Using the Mothbot UI to Detect Organisms
Now that you’ve opened up the Mothbot UI, you should see a web page that looks like this:
The first thing you need to do is upload the deployment folder you would like to analyse. Click the orange button that says “Pick Deployment Folder”
Note: on a Mac, you may not have a pop up window appear. Instead, you will see the Python application jumping up and down at the bottom of your desktop screen in your Dock. Click on it and it will open a window.
Then select the nightly folders you want to analyse.
Then you can scroll down on the page and hit the big “Run Detection” button.
Note: If you have already ran a detection for a deployment before, but would like to override your existing detections, you can select the checkbox that says “Overwrite any previous Bot Detections (Create new detection files)”
For now, you don’t need to worry about changing what is in the field “Yolo processing img size.” I’ll get to that below.
When the detections have finished, you will see a green checkbox next to text that reads “Detection completed”
Additional Processing Files
By default, the Mothbot UI automatically uploads a species list for Insects in Panama and a metadata sheet that we have been using here in Panama. Depending on your needs, you may want to upload your own species list and metadata sheet to be used with your data (See the Organizing Data step for more information on how to organize these files for your project).
You do not need to worry about selecting a yolo model path. YOLO is the object detection algorithm that we use in the Detect Script, and is usually something the Mothbox team will update on our end.
Next Step: Identifying Detected Organisms
We can now move to the next step of data processing, which is identifying all the organisms we’ve just detected. Head to the next step “Identify Detections” to continue.
Run this Script Manually
The Python Script we use to run detections is called Mothbot_Detect. This script tries to find any creatures in your photos.
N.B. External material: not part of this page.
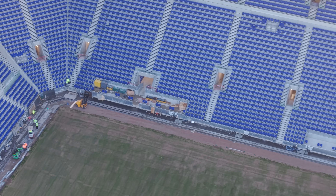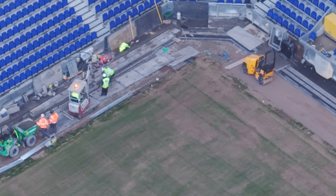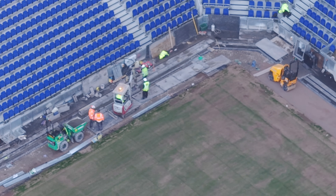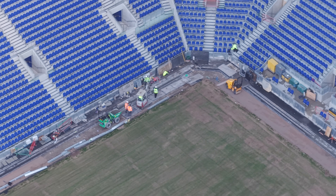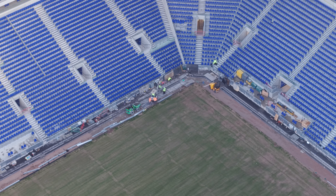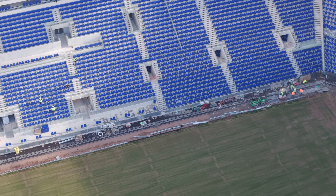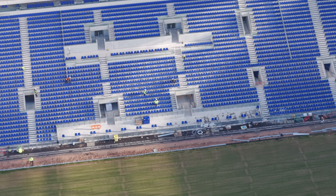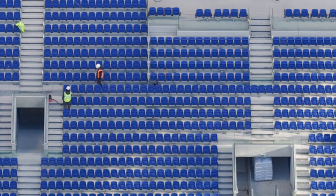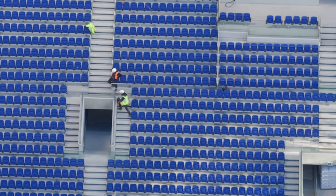Still quite a bit going on in this corner — even when the pitch was getting seeded there was always something going on there. As I said in another video, there must be a lot of junction boxes connecting everything up. And a lot more seat testing going on. There's a little Henry the Hoover there maybe — so yeah, it looks like the big clean-up is happening ready for the handover of the keys.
It takes two inputs:
- a folder pointing to the data you want to analyze
- a yolo11 AI model trained for detecting creatures
You can set these inputs in the top couple lines of the code as defaults (arrows shown in red):
When you run the program, it will also ask you if you want to enter different paths, or use these defaults.
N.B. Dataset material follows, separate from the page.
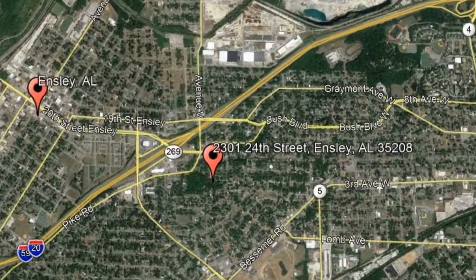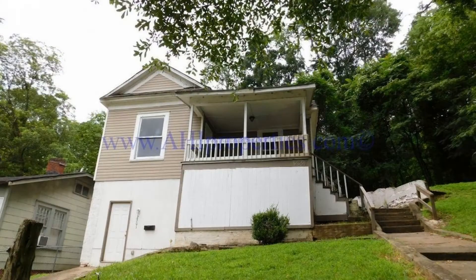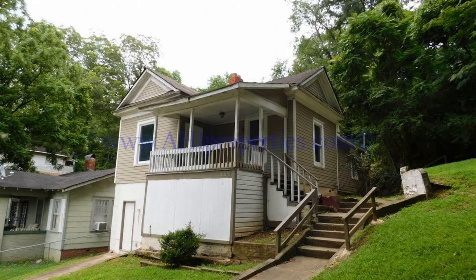Check out this available property: 2301 24th Street, Ansley, Alabama. Take a look at this gorgeous three-bedroom home that has a great front porch.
Also if you look at the variable SKIP_PREVIOUS_GENERATED (underlined in green above), leaving this option as “True” means that if you already created detections for your images previously, it will skip them and finish quicker. If you want the script to redo any detections, just set this to false.
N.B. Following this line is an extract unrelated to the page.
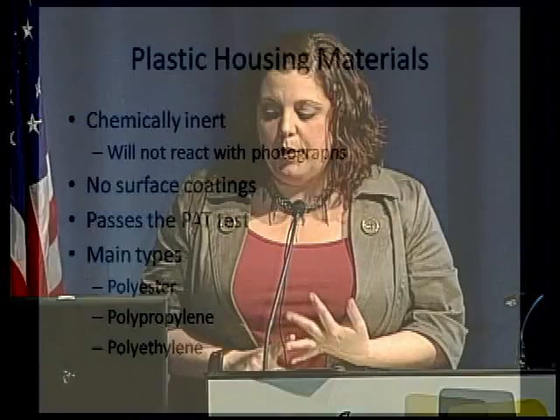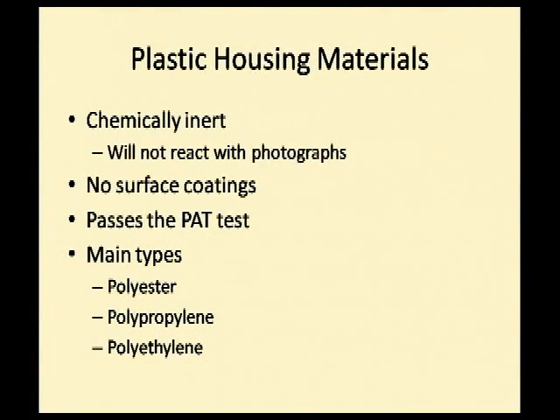Plastic storage materials should be chemically inert. The main types are polyester, polypropylene, and polyethylene. They should have no surface coatings — including UV protectant for permanent storage — and of course have passed the PAT test.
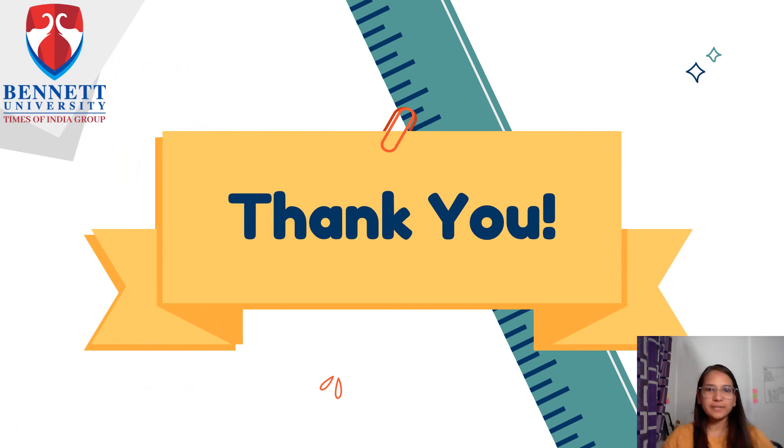That's all for this seminar. I hope I was able to give you some useful insights about the Smart Note Taker. Thank you.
Note: the script is also set up to detect any HUMAN generated detections and not overwrite those ever.
Results
This process can take 5-20 minutes for a normal night’s dataset (depending on the number of creatures and the speed of your computer).
At the end it will produce little “detection” json files for each image in the folder(s) you gave it.
These currently store information about where insects likely are. You can visualize these detections if you wish by looking at them in the program X-anylabelling:
Note how there is no ID information yet. All detections are simply labelled as “creature.”